It wasn’t until 1994 that Mexican physicist Michael Alcubierre began looking at Einstein’s Theory of Relativity and his concept of a fabric of space time and envisioning the feasibility of faster-than-light travel. He thought that relativity prohibited faster-than-light speed under normal circumstances, but he wondered if a ship might possibly enter a “bubble” of spacetime that would shrink in the direction of travel, acting like the proverbial “wormhole” that moves objects at lightning speed to other places in the universe.

Alcubierre’s ideas were interesting, but Italian physicist Stefano Finazzi and a team of scientists working with him at the International School for Advanced Studies in Trieste, added the mathematics of quantum mechanics to the formula.
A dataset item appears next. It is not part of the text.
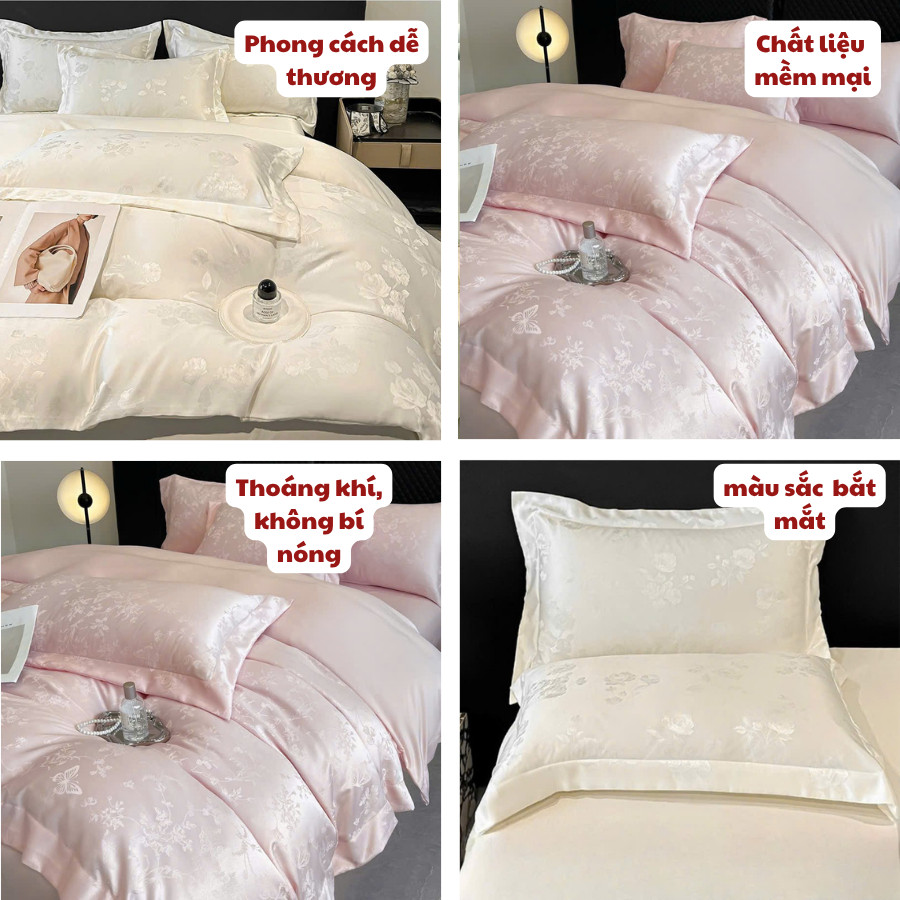 (SGN22) Bộ Chăn Ga Gối Phi Lụa Với Họa Tiết Vân Chìm Mang Phong Cách Châu Âu Siêu Xinh - MemMinBedding Luxury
What they found seems to have put an end to thoughts of space ships ever traveling at warp speeds in space.

Warp drives would become rapidly unstable once superluminal speeds are reached,” Finazzi reports.

The team also used quantum mechanics to study a stress-energy tensor within an alleged spacetime bubble and found that the front wall of such a bubble, traveling at superluminal speed, would be subjected to extreme stress. This implies that even the bubble would be unstable if forced to travel at faster-than-light speeds.

Thus the Italian team concludes that Alcubierre’s warp drive is impossible.

And that is all the more reason for we humans to get busy now and take steps to not only stop ravaging and polluting our planet, but find ways to rebuild the garden. We cannot afford to listen to the critics spurred on by big business interests and people who prefer to bury their heads in the sand instead of facing reality.